## How Much Can I Expect To Lose In Pinball?

This weekend, all going well, I’ll be going to the Michigan state pinball championship contest. There, I will lose in the first round.

I’m not trying to run myself down. But I know who I’m scheduled to play in the first round, and she’s quite a good player. She’s the state’s highest-ranked woman playing competitive pinball. So she starts off being better than me. And then the venue is one she gets to play in more than I do. Pinball, a physical thing, is idiosyncratic. The reflexes you build practicing on one table can betray you on a strange machine. She’s had more chance to practice on the games we have and that pretty well settles the question. I’m still showing up, of course, and doing my best. Stranger things have happened than my winning a game.

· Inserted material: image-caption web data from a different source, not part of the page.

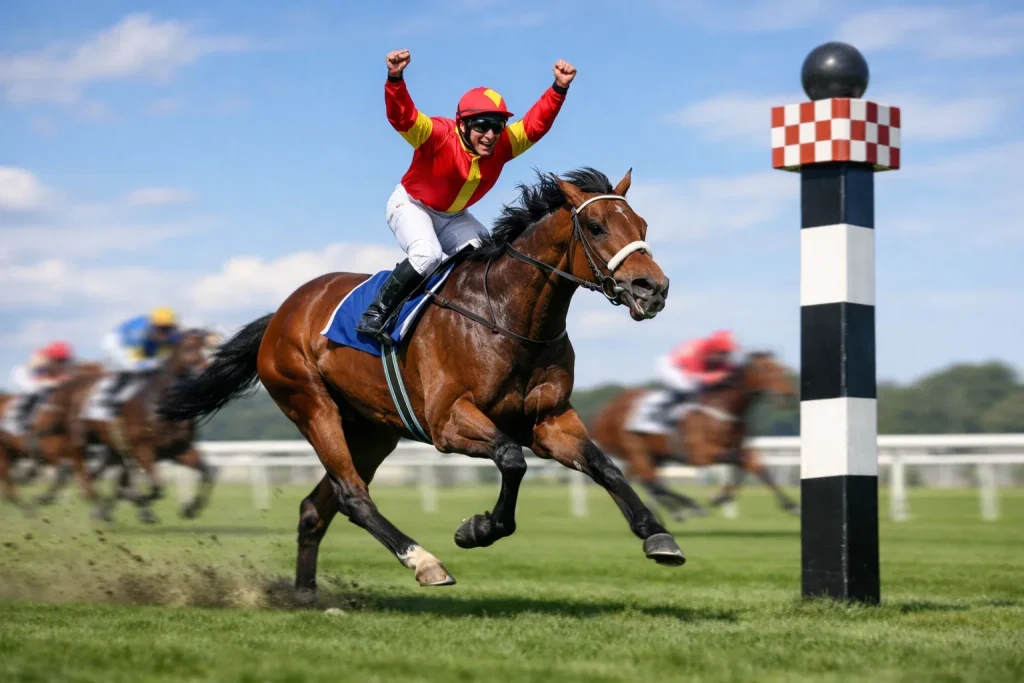 Paard dat als eerste over de finish komt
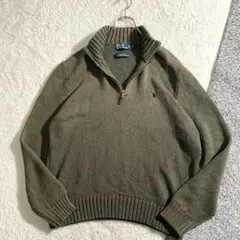 ラルフローレン　コットンニット　ハーフジップ　XL　モスグリーンポニーロゴ刺繡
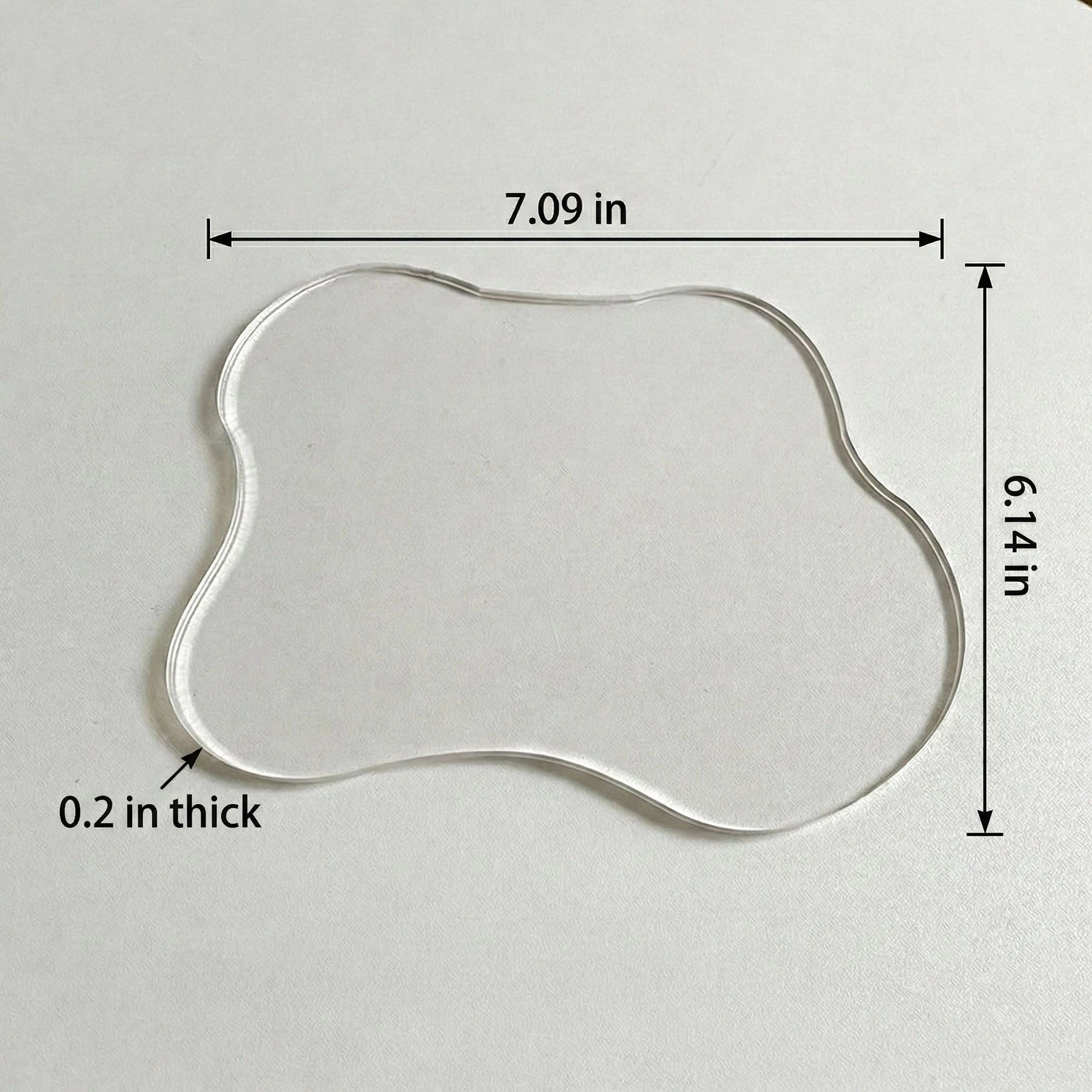 Alilang Unisex 2-PC Clear Wavy Edge Coaster Transparent Drink Table Protector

But I’m going in with I hope realistic expectations.

That bit about having realistic expectations, though, makes me ask what are realistic expectations. The first round is a best-of-seven match. How many games should I expect to win? And that becomes a probability question. It’s a great question to learn on, too. Our match is straightforward to model: we play up to seven times. Each time we play one or the other wins.

So we can start calculating. There’s some probability I have of winning any particular game. Call that number ‘p’. It’s at least zero (I’m not sure to lose) but it’s less than one (I’m not sure to win). Let’s suppose the probability of my winning never changes over the course of seven games. I will come back to the card I palmed there. If we’re playing 7 games, and I have a chance ‘p’ of winning any one of them, then the number of games I can expect to win is 7 times ‘p’. This is the number of wins you might expect if you were called on in class and had no idea and bluffed the first thing that came to mind. Sometimes that works.

7 times p isn’t very enlightening. What number is ‘p’, after all? And I don’t know exactly. The International Flipper Pinball Association tracks how many times I’ve finished a tournament or league above her and vice-versa. We’ve played in 54 recorded events together, and I’ve won 23 and lost 29 of them. (We’ve tied twice.) But that isn’t all head-to-head play. It counts matches where I’m beaten by someone she goes on to beat as her beating me, and vice-versa. And it includes a lot of playing not at the venue. I lack statistics and must go with my feelings. I’d estimate my chance of beating her at about one in three. Let’s say ‘p’ is 1/3 until we get evidence to the contrary. It is “Flipper Pinball” because the earliest pinball machines had no flippers. You plunged the ball into play and nudged the machine a little to keep it going somewhere you wanted. (The game Simpsons Pinball Party has a moment where Grampa Simpson says, “back in my day we didn’t have flippers”. It’s the best kind of joke, the one that is factually correct.)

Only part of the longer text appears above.